-- Task to complete --
Would you reproduce the whole listing exactly, minus its images?

++++ The input

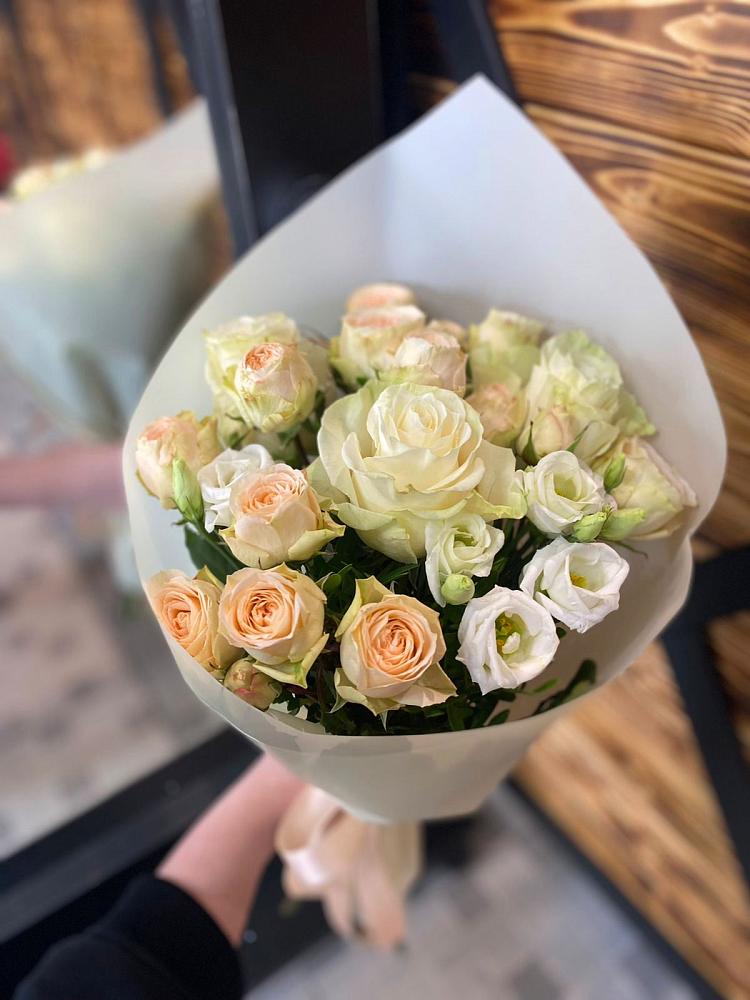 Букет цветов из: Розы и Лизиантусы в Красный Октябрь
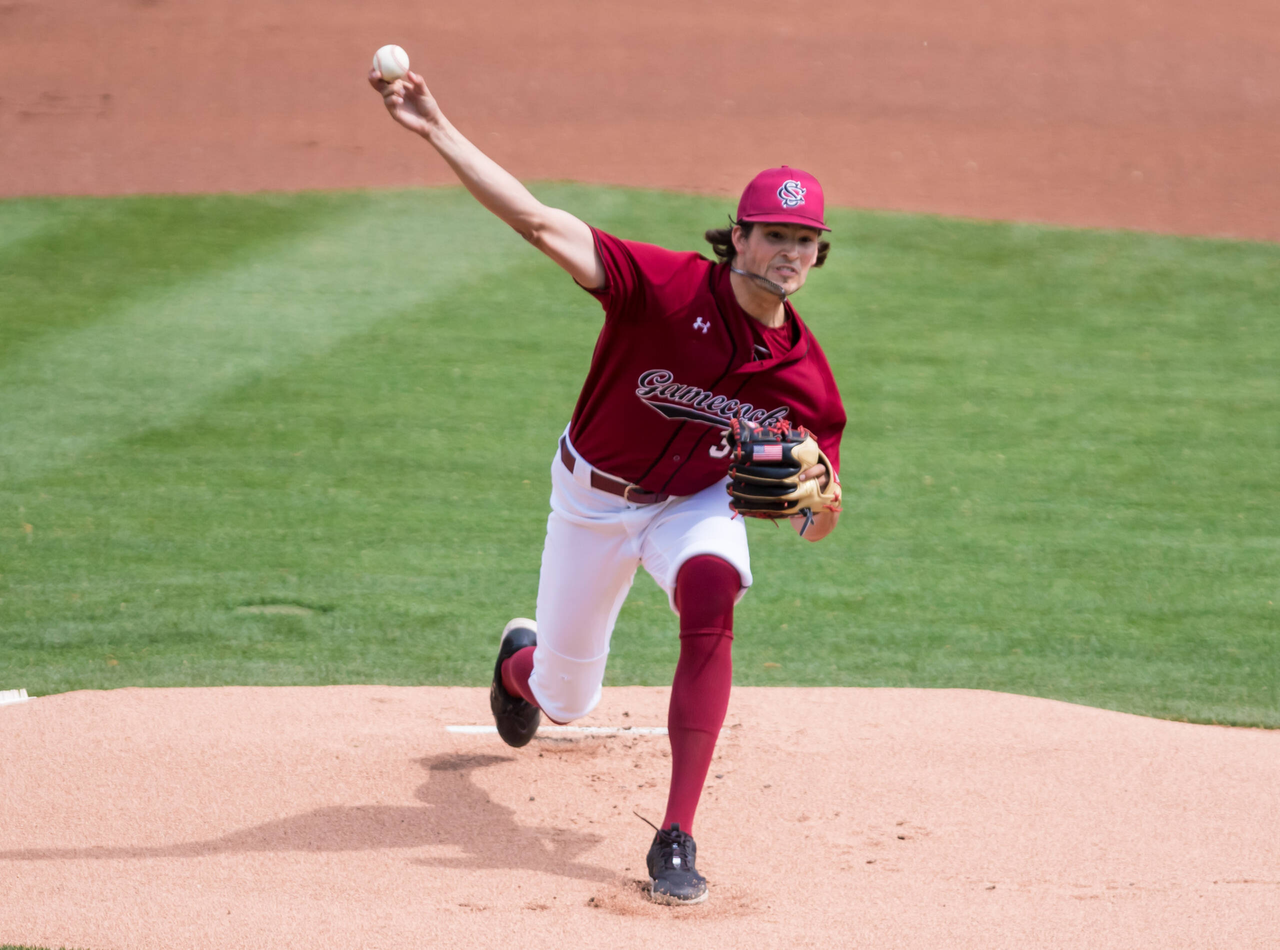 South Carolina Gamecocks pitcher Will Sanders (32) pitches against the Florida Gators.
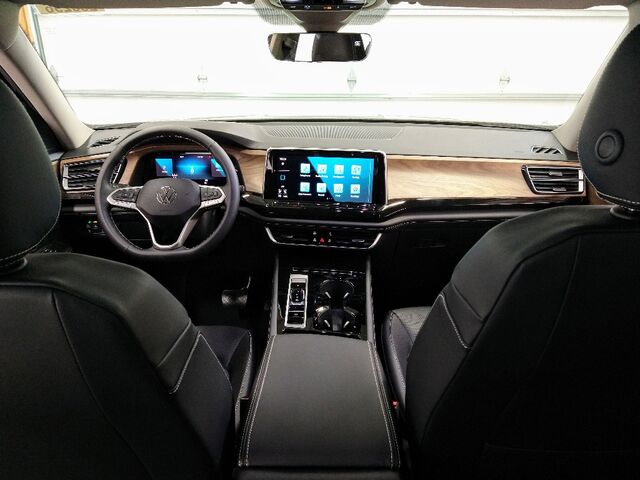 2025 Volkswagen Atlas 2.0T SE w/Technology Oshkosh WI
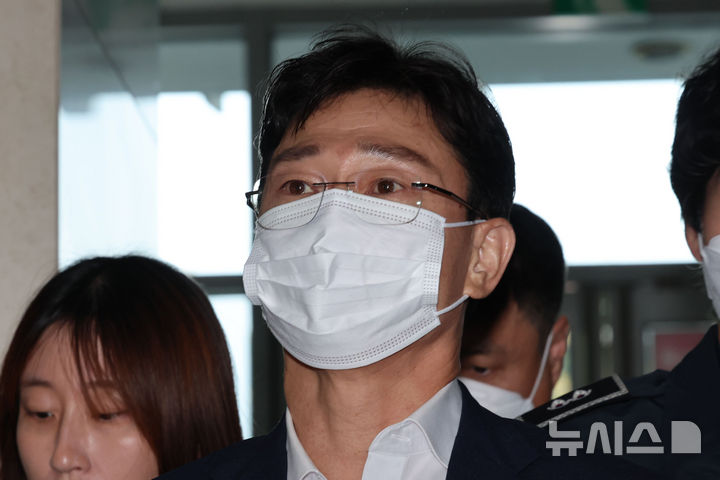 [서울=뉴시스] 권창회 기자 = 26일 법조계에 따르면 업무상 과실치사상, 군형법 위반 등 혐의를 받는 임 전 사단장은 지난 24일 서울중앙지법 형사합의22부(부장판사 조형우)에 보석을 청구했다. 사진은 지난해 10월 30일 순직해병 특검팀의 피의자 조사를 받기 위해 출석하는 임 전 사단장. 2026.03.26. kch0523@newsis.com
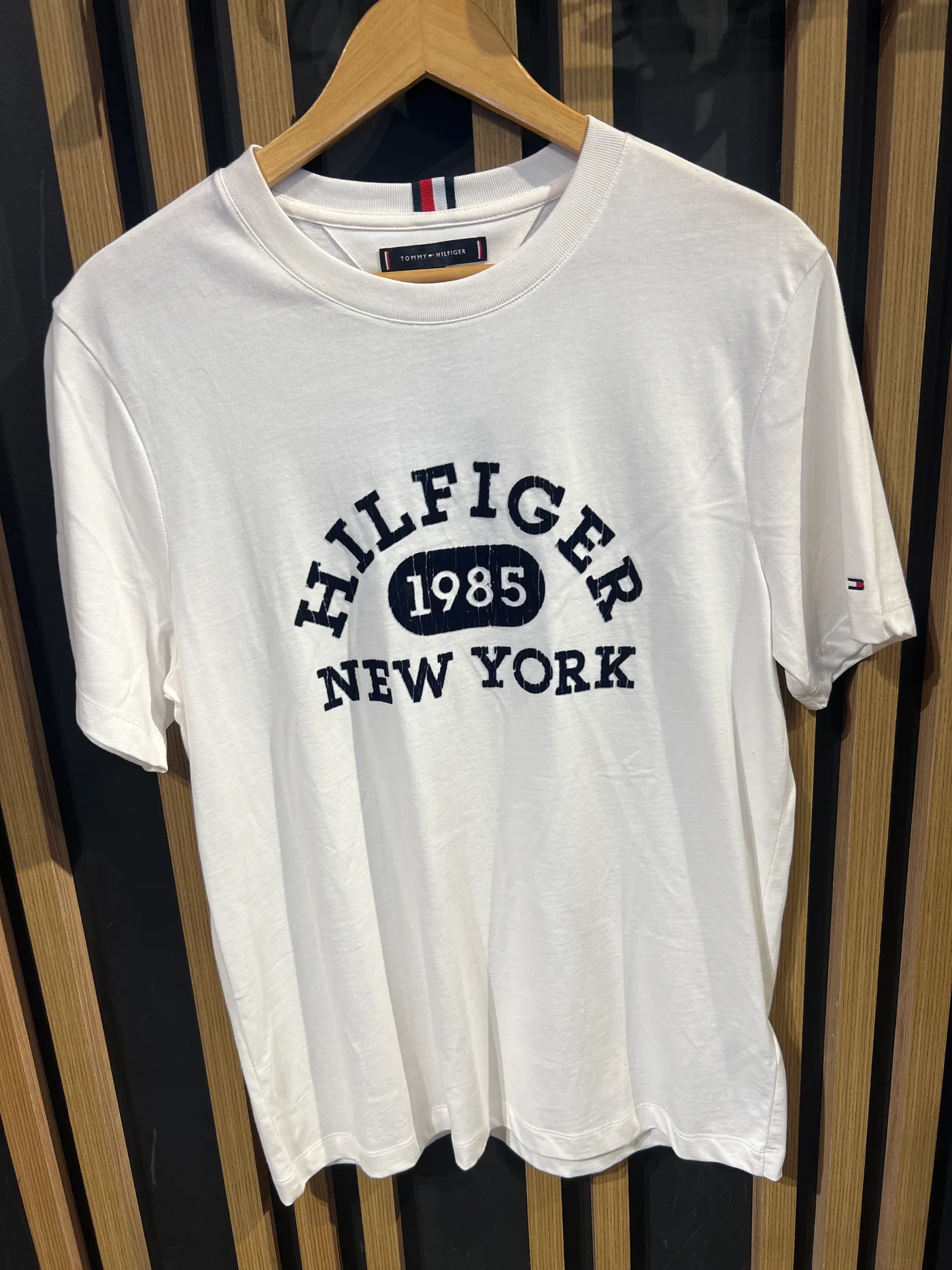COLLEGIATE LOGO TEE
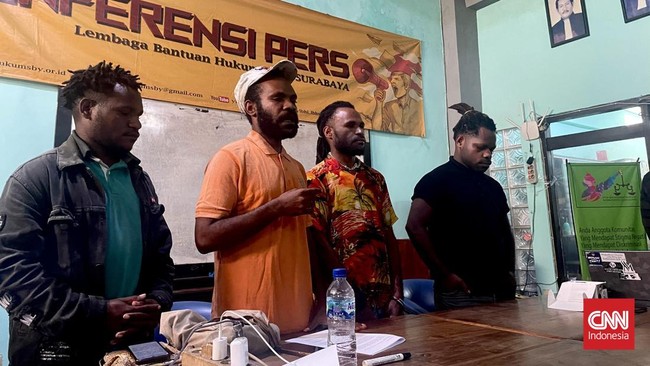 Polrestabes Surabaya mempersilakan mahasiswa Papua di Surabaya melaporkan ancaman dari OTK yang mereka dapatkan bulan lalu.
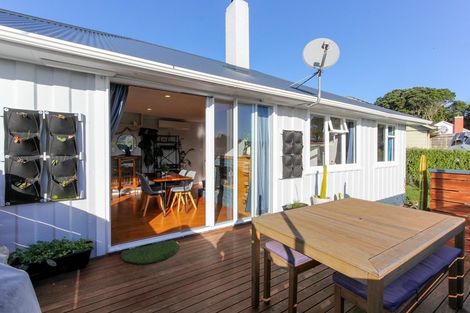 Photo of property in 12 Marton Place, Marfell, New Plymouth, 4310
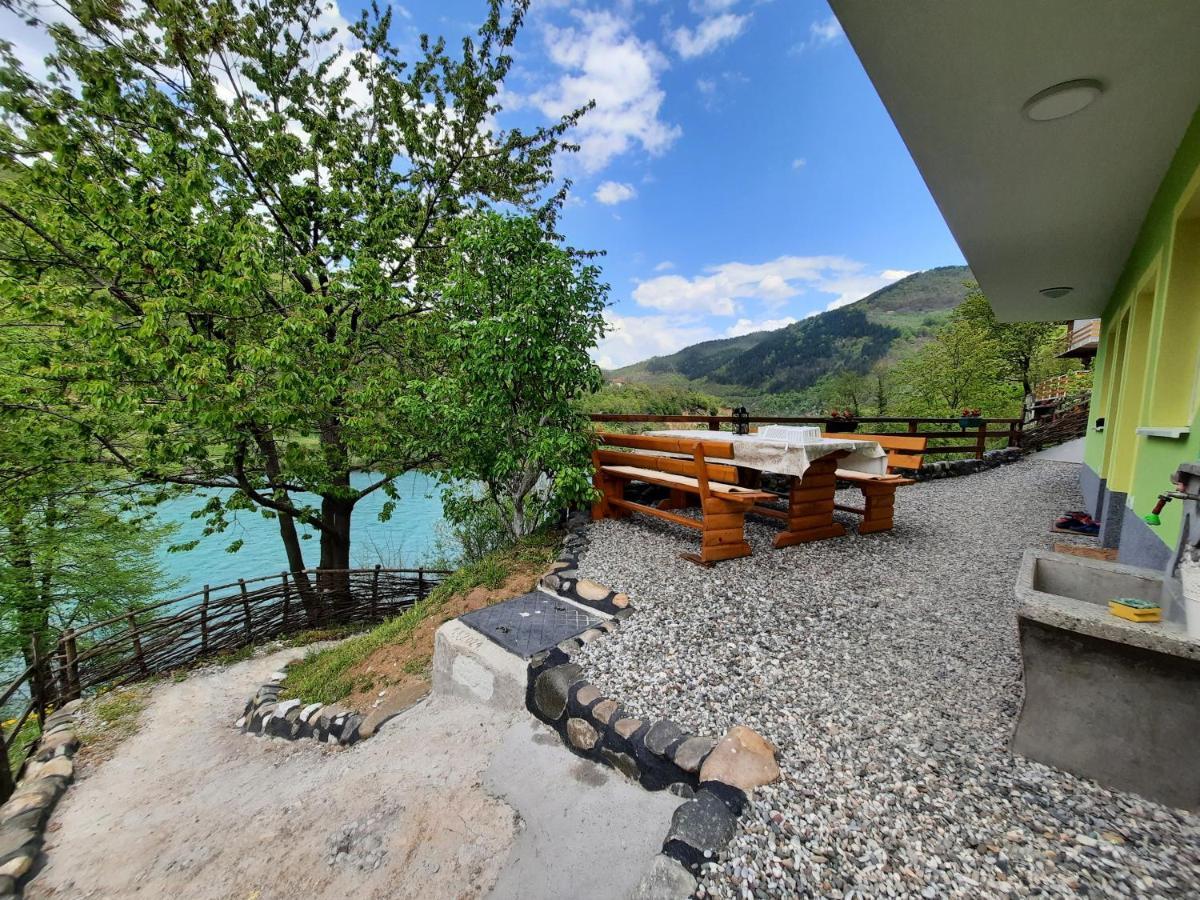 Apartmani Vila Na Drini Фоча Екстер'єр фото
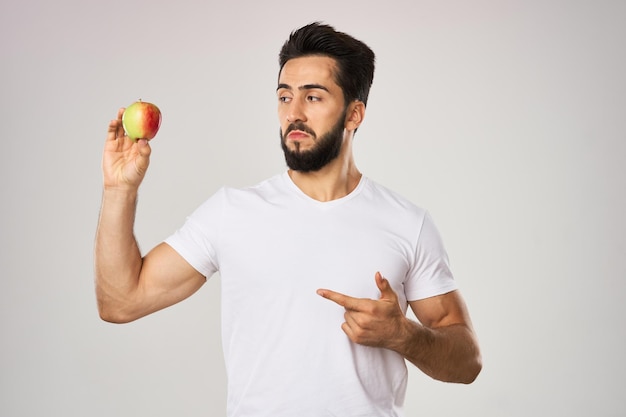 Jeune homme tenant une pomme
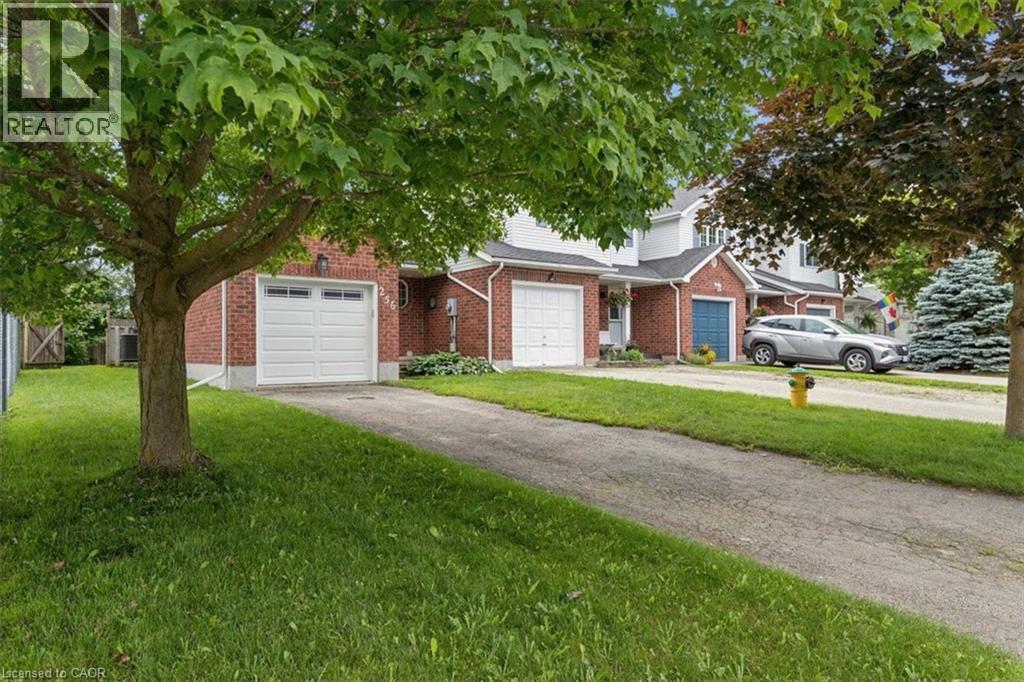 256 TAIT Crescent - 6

++++++++

-- Answer area --
 Букет цветов из: Розы и Лизиантусы в Красный Октябрь
 South Carolina Gamecocks pitcher Will Sanders (32) pitches against the Florida Gators.
 2025 Volkswagen Atlas 2.0T SE w/Technology Oshkosh WI
 [서울=뉴시스] 권창회 기자 = 26일 법조계에 따르면 업무상 과실치사상, 군형법 위반 등 혐의를 받는 임 전 사단장은 지난 24일 서울중앙지법 형사합의22부(부장판사 조형우)에 보석을 청구했다. 사진은 지난해 10월 30일 순직해병 특검팀의 피의자 조사를 받기 위해 출석하는 임 전 사단장. 2026.03.26. kch0523@newsis.com
COLLEGIATE LOGO TEE
 Polrestabes Surabaya mempersilakan mahasiswa Papua di Surabaya melaporkan ancaman dari OTK yang mereka dapatkan bulan lalu.
 Photo of property in 12 Marton Place, Marfell, New Plymouth, 4310
 Apartmani Vila Na Drini Фоча Екстер'єр фото
 Jeune homme tenant une pomme
 256 TAIT Crescent - 6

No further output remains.